Re: [rfc] larger batches for crc32c

Nicholas Piggin <npiggin@xxxxxxxxx> · Fri, 28 Oct 2016 13:12:34 +1100

On Fri, 28 Oct 2016 08:42:44 +1100
Dave Chinner <david@xxxxxxxxxxxxx> wrote:

> On Fri, Oct 28, 2016 at 03:17:47AM +1100, Nicholas Piggin wrote:
> > Hi guys,
> > 
> > We're seeing crc32c_le show up in xfs log checksumming on a MySQL benchmark
> > on powerpc. I could reproduce similar overheads with dbench as well.
> > 
> > 1.11%  mysqld           [kernel.vmlinux]            [k] __crc32c_le
> >         |
> >         ---__crc32c_le
> >            |          
> >             --1.11%--chksum_update
> >                       |          
> >                        --1.11%--crypto_shash_update
> >                                  crc32c
> >                                  xlog_cksum
> >                                  xlog_sync
> >                                  _xfs_log_force_lsn
> >                                  xfs_file_fsync
> >                                  vfs_fsync_range
> >                                  do_fsync
> >                                  sys_fsync
> >                                  system_call
> >                                  0x17738
> >                                  0x17704
> >                                  os_file_flush_func
> >                                  fil_flush  
> 
> 2-3% is the typical CRC CPU overhead I see on metadata/log intensive
> workloads on x86-64, so this doesn't seem unreasonable.
> 
> Looking more closely at xlog_cksum, it does:
> 
> 	crc = xfs_start_cksum(sizeof(struct xlog_rec_header) ...
> 	for (i = 0; i < xheads; i++) {
> 		...
> 		crc = crc32c(crc, ... sizeof(struct xlog_rec_ext_header));
> 		...
> 	}
> 	/* ... and finally for the payload */
> 	crc = crc32c(crc, dp, size);
> 
> 	return xfs_end_cksum(crc);
> 
> The vast majority of the work it does is in the ".. and finally for
> the payload " call. The first is a sector, the loop (up to 8 times
> for 256k log buffer sizes) is over single sectors, and the payload
> is up to 256kb of data. So the payload CRC is the vast majority of
> the data being CRCed and so should dominate the CPU usage here.  It
> doesn't look like optimising xfs_start_cksum() would make much
> difference...
> 
> > As a rule, it helps the crc implementation if it can operate on as large a
> > chunk as possible (alignment, startup overhead, etc). So I did a quick hack
> > at getting XFS checksumming to feed crc32c() with larger chunks, by setting
> > the existing crc to 0 before running over the entire buffer. Together with
> > some small work on the powerpc crc implementation, crc drops below 0.1%.  
> 
> I wouldn't have expected reducing call numbers and small alignment
> changes to make that amount of difference given the amount of data
> we are actually checksumming. How much of that difference was due to
> the improved CRC implementation?

Sorry, I should have been more clear about what was happening. Not enough
sleep. The larger sizes allows the vectorized crc implementation to kick in.

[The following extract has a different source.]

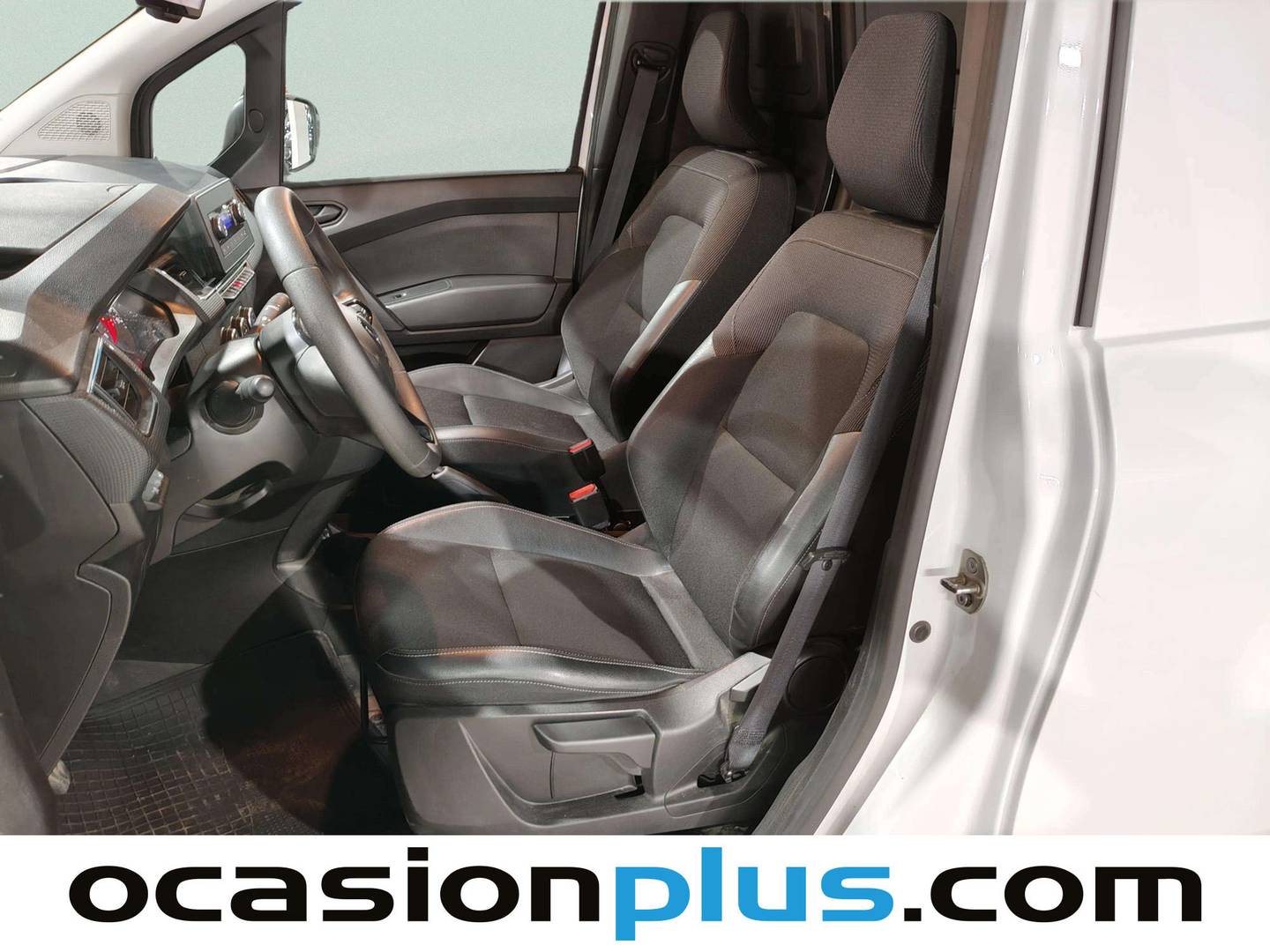 Foto asientos delanteros Renault Kangoo Furgón Renault Kangoo Furgon L1 1.5 Blue (95 CV)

We should still be able to improve things on the powerpc side without any
changes to XFS, it was just something I noticed would be nice to improve.

As Darrick noted, it is modifying the field in-place for the verifiers,
which is nasty and the reason I don't propose it as a real patch (because I
don't know enough fo XFS to say whether it's completely safe).

> FWIW, can you provide some additional context by grabbing the log
> stats that tell us the load on the log that is generating this
> profile?  A sample over a minute of a typical workload (with a
> corresponding CPU profile) would probably be sufficient. You can get
> them simply by zeroing the xfs stats via
> /proc/sys/fs/xfs/stats_clear at the start of the sample period and
> then dumping /proc/fs/xfs/stat at the end.

Yeah I'll get some better information for you.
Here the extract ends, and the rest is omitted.